Participant Characteristics

Characteristic N (%)
Gender
 Female 13 (81)
 Male 3 (19)
Session language
 English 6 (38)
 Spanish 10 (62)
Marital status
 Never married 2 (12)
 Married 4 (25)
 Separated/divorced 7 (44)
 Widowed 3 (19)
Education
 Some high school 2 (12)
 High school 7 (44)
 Associate’s degree 4 (25)
 Bachelor’s degree 3 (19)
M Range
Participant age 61.8 49–86
Years spent caregiving 8.8 3–17

By the conclusion of the sessions we had narrowed down to one or two successful (i.e., comprehensible and motivating) designs for each topic. Key elements that contributed to comprehensibility were intuitive scaling, acceptable labeling, colors, imagery, and consistency with the viewer’s topic-specific frames. Participants saw the infographics as cues to take preventive health actions. Verbatim quotations from participants are presented in double quotes throughout this section.

Evidence of Comprehension

By the time we neared the final iterations of a design, overwhelmingly, participants extracted the meaning we intended:

“Bueno, yo diría que cuando uno está 100% bien de salud ya es máximo. Como tiene un 65% de salud no está tan mal, ¿verdad? No está tan mal. La persona no es que esté totalmente saludable pero no está tan mal como para decir que ya está en las últimas. [Well, I would say that when your health is 100% that’s the maximum. Since she has 65% health she’s not too bad, right? She’s not too bad. It’s not that she’s totally healthy, but she’s not so poorly as to say she’s on her last legs.]” (Group 2, Figure 1)

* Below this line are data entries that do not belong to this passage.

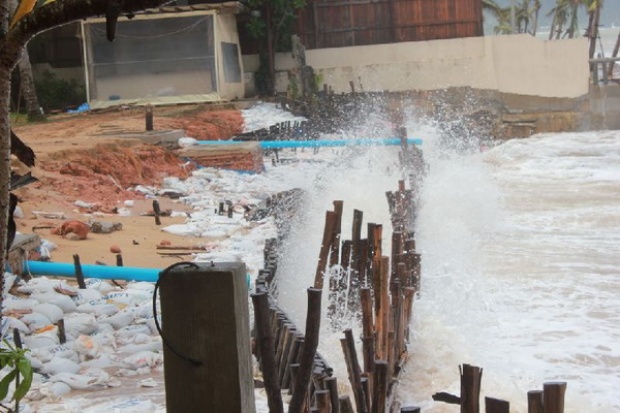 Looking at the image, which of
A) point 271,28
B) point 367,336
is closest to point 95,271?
point 367,336

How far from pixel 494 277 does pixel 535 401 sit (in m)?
6.87

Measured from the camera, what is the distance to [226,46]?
25000 millimetres

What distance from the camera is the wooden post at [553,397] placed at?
3.30 metres

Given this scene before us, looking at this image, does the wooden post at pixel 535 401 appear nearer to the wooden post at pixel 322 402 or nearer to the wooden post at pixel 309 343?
the wooden post at pixel 322 402

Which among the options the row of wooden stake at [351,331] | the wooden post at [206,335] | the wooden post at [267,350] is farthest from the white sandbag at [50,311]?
the wooden post at [206,335]

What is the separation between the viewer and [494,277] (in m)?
10.1

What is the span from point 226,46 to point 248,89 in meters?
2.50

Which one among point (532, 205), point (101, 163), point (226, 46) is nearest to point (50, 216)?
point (101, 163)

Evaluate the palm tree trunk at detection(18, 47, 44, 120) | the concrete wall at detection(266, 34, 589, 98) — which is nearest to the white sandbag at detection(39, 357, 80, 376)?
the palm tree trunk at detection(18, 47, 44, 120)

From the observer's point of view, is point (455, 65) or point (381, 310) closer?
point (381, 310)

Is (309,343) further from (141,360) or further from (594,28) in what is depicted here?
(594,28)

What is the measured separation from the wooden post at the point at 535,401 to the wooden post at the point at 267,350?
0.98 meters

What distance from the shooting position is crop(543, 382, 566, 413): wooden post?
3299mm

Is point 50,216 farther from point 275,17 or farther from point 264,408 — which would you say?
point 275,17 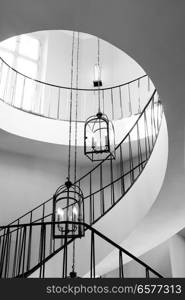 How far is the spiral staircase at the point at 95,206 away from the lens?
605cm

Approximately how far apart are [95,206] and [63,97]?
3.25 meters

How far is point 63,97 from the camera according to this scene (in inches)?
402

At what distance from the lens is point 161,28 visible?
3441 millimetres

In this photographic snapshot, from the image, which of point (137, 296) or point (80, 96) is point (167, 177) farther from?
point (80, 96)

“Porque empieza de cero y va subiendo escalones poco a poco, hasta llegar al agotamiento. [Because it starts at zero and goes up the steps little by little, until reaching exhaustion.]” (Group 2, Figure 2)

“I think Victor is doing okay, the Victor score is 15, somewhat in control. He is teetering, he is going towards the red side the red scale but he seems to be okay . . . he is not in Nirvana yet but he is not out of control raging.” (Group 5, Figure 3)

Figure 1.

Figure 1.

This overall health infographic uses a tree metaphor and can be tailored to a caregiver with their score on EuroQol Group health status measures (e.g., EQ-5D).

Figure 2.

Figure 2.

An infographic about caregiving burden has been tailored to show that Luis, a fictitious caregiver, scored 42 (moderate-to-severe burden), on the Zarit Burden Interview.

Figure 3.

Figure 3.

In the original scaling of the Pearlin Self-Mastery Scale, high values indicate feeling a in control. Here, the scaling has been reversed with “very in control” on the left and “not in control” on the right to match caregivers’ frame of inevitable decline from left to right.

There were isolated instances in which a participant gave an interpretation different from what we intended, however, these instances were acceptable to us because we expect that there is no design that will be universally comprehensible.

Intuitive Scaling

For some topics, the original scaling of the instrument seemed counterintuitive to participants, who—only seeing the total score—were not privy to how it was calculated. For example, in the NHiRP survey, six items from the Kessler Psychological Distress Scale were administered with five response options about symptom frequency ranging from “none of the time” (coded as 1) to “all of the time” (coded as 5) yielding total scores ranging from 6 to 30. Per participant request, we rescaled Kessler scores to 1–25 as shown in Figure 4.

Figure 4.

Figure 4.

Participants preferred this weather-in-the-head design concept for the Kessler Psychological Distress Scale over one that had weather symbols but no heads. The original scaling of 6–30 has been rescaled to 1–25 to be more intuitive for viewers.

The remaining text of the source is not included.